Consider the function \( f(x)=\sqrt{5 x-15} \) for the domain \( [3, \infty) \). Find \( f^{-1}(x) \), where \( f^{-1} \) is the inverse of \( f \). Also state the domain of \( f^{-1} \) in interval notation. \( f^{-1}(x)=\square \) for the domain \( \square \)

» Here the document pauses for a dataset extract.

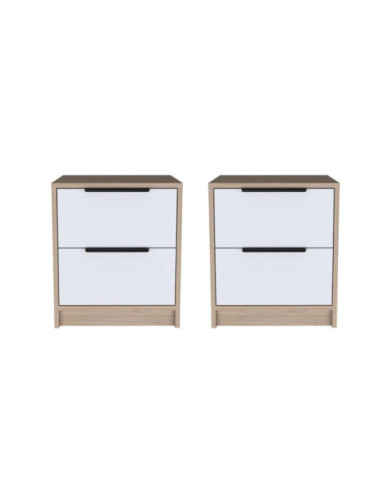 Mesa de Noche Wesley, Beige y Blanco, con Dos Cajones Organizadores X2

To find the inverse function \( f^{-1}(x) \) of \( f(x) = \sqrt{5x - 15} \), we first substitute \( y \) for \( f(x) \): \[ y = \sqrt{5x - 15} \] Now, solve for \( x \): 1. Square both sides: \[ y^2 = 5x - 15 \] 2. Rearrange to solve for \( x \): \[ 5x = y^2 + 15 \] \[ x = \frac{y^2 + 15}{5} \] 3. Switch \( x \) and \( y \) to express the inverse: \[ f^{-1}(x) = \frac{x^2 + 15}{5} \] Next, we need to determine the domain of \( f^{-1} \). The range of the original function \( f(x) \), given that the domain is \( [3, \infty) \), is calculated by evaluating \( f(3) \): \[ f(3) = \sqrt{5 \cdot 3 - 15} = \sqrt{0} = 0 \] As \( x \) approaches infinity, \( f(x) \) also approaches infinity. Thus, the range of \( f(x) \) is \( [0, \infty) \), which means the domain of \( f^{-1}(x) \) is also \( [0, \infty) \). So we can conclude: \[ f^{-1}(x) = \frac{x^2 + 15}{5} \text{ for the domain } [0, \infty) \]